Wyjazdowa porażka Marcovii z Drogowcem Jedlińsk sprawiła, że doszło do zmian w sztabie szkoleniowym drużyny. Nowym trenerem Marcovii został Łukasz Stasiuk, który zastąpił Bartłomieja Walewskiego.
Szkoleniowiec ten pracował poprzednio w Sokole Serock, z którym wywalczył awans do IV ligi. Na ławce trenerskiej zasiadał również w takich klubach jak Dolcan Ząbki, Wicher Kobyłka, Drukarz Warszawa, Mazur Karczew, Victoria Sulejówek, Bug Wyszków i PKS Radość.
Nowy trener Marcovii ma za sobą ciekawą karierę piłkarską, podczas której reprezentował barwy m.in. Dolcanu Ząbki, Stomilu Olsztyn, Okęcia Warszawa, Arki Gdynia, Legionovii Legionowo i Victorii Sulejówek.
Z Marcovią pożegnał się również pełniący dotychczas funkcję asystenta Patryk Żuber.

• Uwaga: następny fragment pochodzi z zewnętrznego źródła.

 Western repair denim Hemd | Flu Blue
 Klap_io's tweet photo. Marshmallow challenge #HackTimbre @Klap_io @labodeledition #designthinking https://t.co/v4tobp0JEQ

Jego miejsce zajął Kamil Boratyński, który w przeszłości prowadził pierwszy zespół Wichru Kobyłka.
Serdecznie witamy obu trenerów w Markach i życzymy powodzenia w realizacji postawionych celów.
Poniżej kilka słów od naszego nowego szkoleniowca.
Łukasz Stasiuk:
Dziękuję serdecznie klubowi MKS Marcovia Marki za zaufanie i szansę pracy jako trener 4-ligowej drużyny seniorów. Przejmuję zespół w bardzo trudnym momencie z uwagi na aktualną sytuację w tabeli. Z tej strony chciałbym podziękować byłemu sztabowi szkoleniowemu, który włożył dużo pracy i zaangażowania w rozwój drużyny.
Jednocześnie chciałbym poprosić najlepszych, nie tylko w tej lidze, kibiców, aby dali nam szansę i czas na spokojną pracę. Jako nowy sztab, wraz z moim asystentem, zrobimy wszystko co w naszej mocy, aby odmienić mentalnie zawodników i sprzedać im swoją wiedzę. Klub jest poukładany wzorowo od strony organizacyjnej i nikt nie może narzekać, że czegoś brakuje. Wierzę, że nowe spojrzenie na zespół pomoże w jego dalszym rozwoju.
Nic się jeszcze nie skończyło, a wręcz przeciwnie dopiero zaczęło. Dlatego zapraszam wszystkich wiernych kibiców na wyjazdowy mecz z Ursusem Warszawa w sobotę 13 kwietnia na godzinę 15:00. Marcovia potrzebuje w tym momencie waszego wsparcia. Ten zespół ma duży potencjał, tylko trzeba go z niego wspólnie wydobyć. Jestem przekonany, że zjednoczeni będziemy walczyć do końca.”